Em um país de raízes escravocratas como o Brasil, que possui uma estrutura configurada para o apartheid social, a presença de crianças no trabalho precoce não é exceção, mas regra. Elas estão não só nos semáforos vendendo saquinhos de pipoca, balas e doces. Estão no trabalho doméstico, nas ocupações urbanas e rurais, entre muitas que ameaçam os limites de suas capacidades físicas e emocionais, além do bem-estar e segurança. As cenas de crianças esfumaçadas e queimadas por brasas dos fornos das carvoarias, por exemplo, não é coisa do passado porque ainda é cena do Brasil atual[1]. Mas, além das imagens, há também os números que assustam. De acordo com os dados estimados da PNAD Contínua sobre o trabalho de crianças e adolescentes na faixa de 5 a 17 anos, até o ano de 2019, havia no Brasil 38,3 milhões de pessoas trabalhando, inclusive cerca de 2 milhões em atividades econômicas ou de autoconsumo[2].

A maioria das crianças e adolescentes na situação de trabalho infantil, até o referido ano, não cumpria carga inferior a 14 horas semanais. No grupo de 16 e 17 anos, de acordo com as estimativas do IBGE, 24,2% dos adolescentes cumpriam carga horária de 40 ou mais horas semanais. O mais grave: o contingente desses trabalhadores em ocupações informais era da ordem de 74,2% ou cerca de 772 mil pessoas[3]. A informalidade no mercado de trabalho brasileiro, como todos sabemos, envolve a falta de direitos e muita exploração. Os dados da PNAD permitem observar outro aspecto relevante, que condiz com o racismo estrutural no país. O trabalho infantil por aqui tem cor: 66,1% das crianças e adolescentes em situação de trabalho infantil são pretas e pardas[4]. Em outras palavras, os afrodescendentes não têm muitas chances no capitalismo tupiniquim, situação que é imposta não só pela condição de classe, mas também pela herança histórica.

O círculo vicioso se completa na baixa escolaridade e no consequente impedimento de acesso às universidades. A criança trabalhadora pobre precisa se desdobrar, cumprindo a saga dos heróis, para poder superar os inúmeros obstáculos. Ainda assim, corre o risco de nadar contra a correnteza até o ensino superior, ou seja, até conquistar um diploma em áreas não muito concorridas da academia. Até 2020, segundo estudo do IPEA, nas faixas etárias correspondentes aos 20 anos, 36% dos jovens brancos encontravam-se na universidade estudando ou finalizando os seus cursos, ao passo que o percentual se restringia a 18% para o grupo de pretos e pardos[5]. Pressupõe-se, além do difícil acesso desse segmento ao ensino superior, o fato de que muitos jovens precisam conciliar os estudos com o trabalho, o que certamente dificulta a realização de cursos com a exigência de grande tempo de dedicação aos estudos. Embora não tenhamos esse dado, é possível que a maioria desses universitários tenha ingressado muito cedo no mercado de trabalho e, portanto, enfrenta as carências acumuladas desde a infância, além do desafio de se manter no espaço elitista da academia[6].
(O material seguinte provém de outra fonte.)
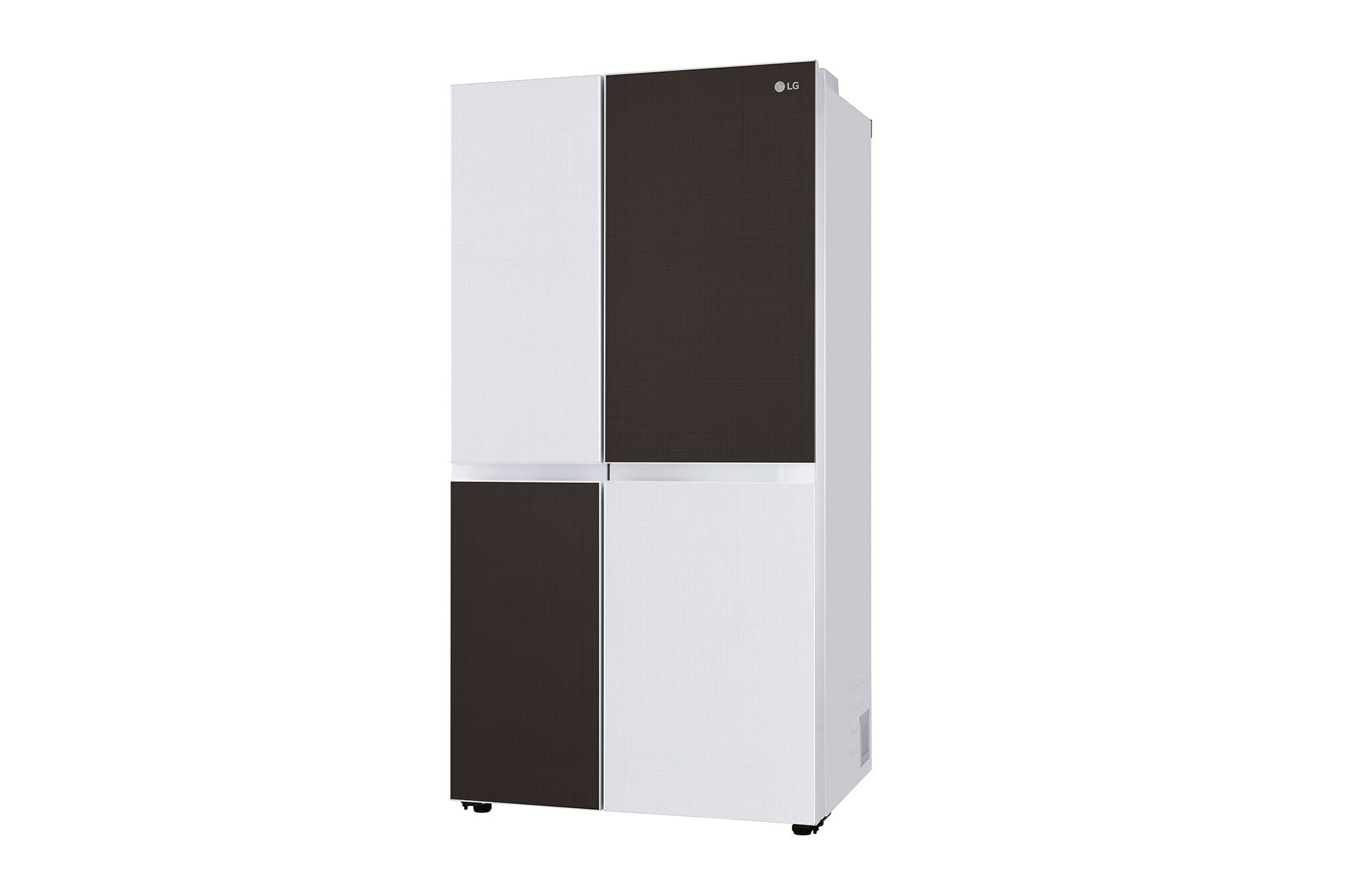 LG 650L Wi-Fi Convertible Side-by-Side Refrigerator with DoorCooling+™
No país das desigualdades e do racismo estrutural, o pedigree social garante oportunidades e privilégios, ao passo que ser afrodescendente e pobre constitui um estigma que fecha portas e torna a mobilidade social um caminho pedregoso. Na esteira das transformações no mundo do trabalho, em que se constata um processo crescente de uberização e deterioração das ocupações, o Brasil parece prometer muito pouco para os seus jovens trabalhadores, além da extensão da exploração já existente. Para complicar a situação das crianças e adolescentes, os parlamentares da extrema direita tupiniquim, embalados pela onda neoliberal e pelo alvoroço bolsonarista, resgataram a PEC 18, apresentada em 2011 por um deputado e empresário pecuarista do Partido Progressista do Paraná, que propõe a formalização do menor trabalhador a partir dos 14 anos. Nessa idade, as leis brasileiras admitem apenas a condição do menor aprendiz, que deve se dedicar ao aprendizado em tempo parcial e sem prejuízo ao processo de escolarização.
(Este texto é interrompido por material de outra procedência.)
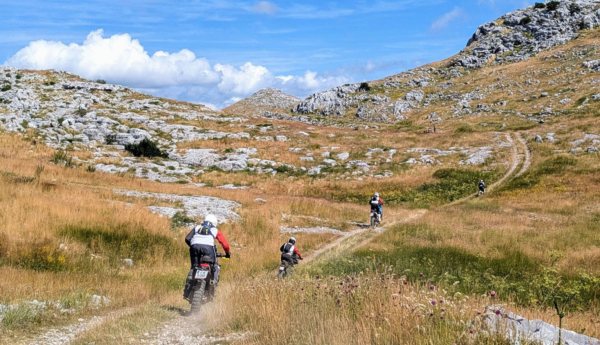An der Bosnien-Kroatischen Grenze Bosnia Rally 2025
O argumento apresentado na justificativa da PEC, agora apropriado e requentado, é o de assegurar aos menores os direitos trabalhistas e previdenciários[7]. No entanto, o que se esconde ou se camufla, é a face perversa da exploração do trabalho infantil. A situação do menor aprendiz pressupõe a garantia de sua qualificação profissional sem o comprometimento do seu desenvolvimento cognitivo, físico e emocional, o que não pode ser garantido na dinâmica de um mercado de trabalho cada vez mais precarizado. A emenda esconde, em verdade, o fato de que o menor estará progressivamente mais sujeito à informalidade e às oscilações do mercado de trabalho, ainda que o regime seja o de tempo parcial[8]. Algo dessa natureza não poderia ter saído de outra cabeça, ou seja, nada mais apropriado para os interesses de um empresário do agronegócio. Tudo indica que o futuro das crianças e adolescentes no Brasil será dantesco, caso as políticas neoliberais e a insensibilidade da extrema direita atualmente no poder não sejam combatidas e vencidas.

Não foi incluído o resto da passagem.